▶ **Exercise data**

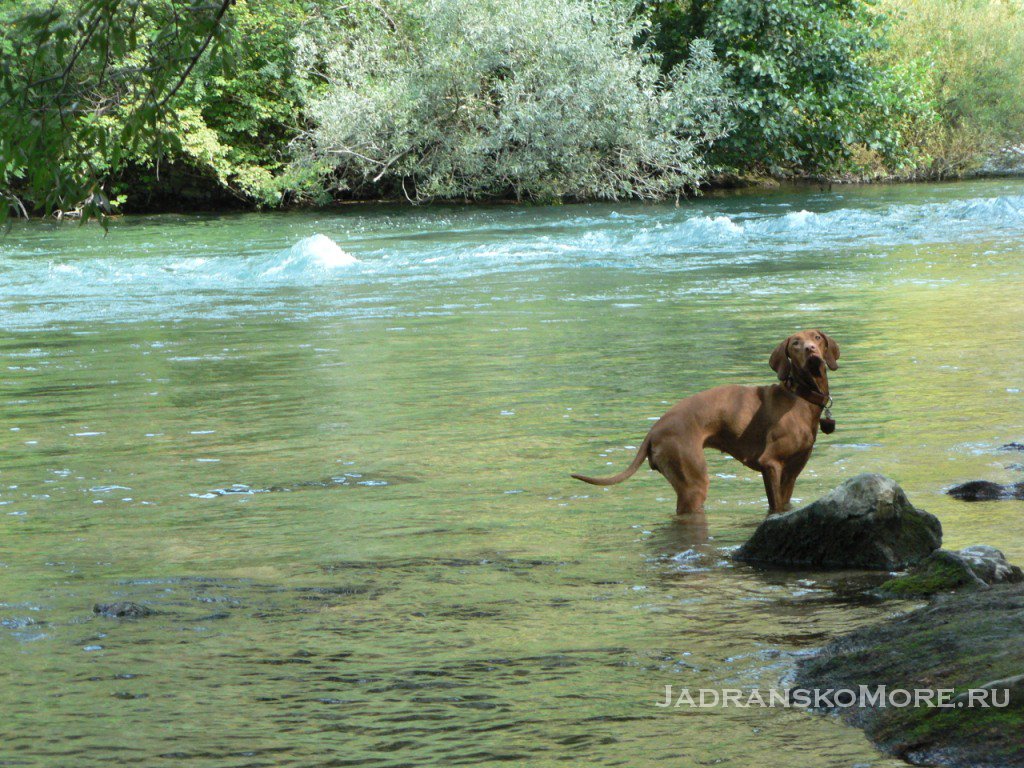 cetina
* * *
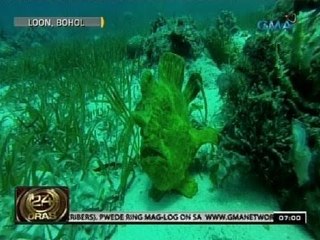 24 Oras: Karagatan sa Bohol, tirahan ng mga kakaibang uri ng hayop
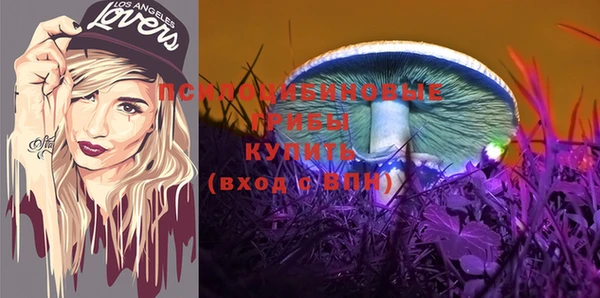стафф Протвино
* * *
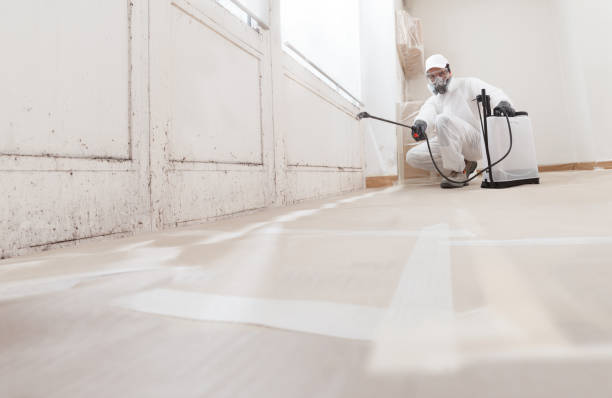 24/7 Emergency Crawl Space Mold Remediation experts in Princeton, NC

▶ **Task to complete**
Look above for the line with "24 Oras: Karagatan", then print it and each line after it down to and including the line with "стафф Протвино". Leave out the pictures and keep the wording exact.

▶ **Answer space**
 24 Oras: Karagatan sa Bohol, tirahan ng mga kakaibang uri ng hayop
стафф Протвино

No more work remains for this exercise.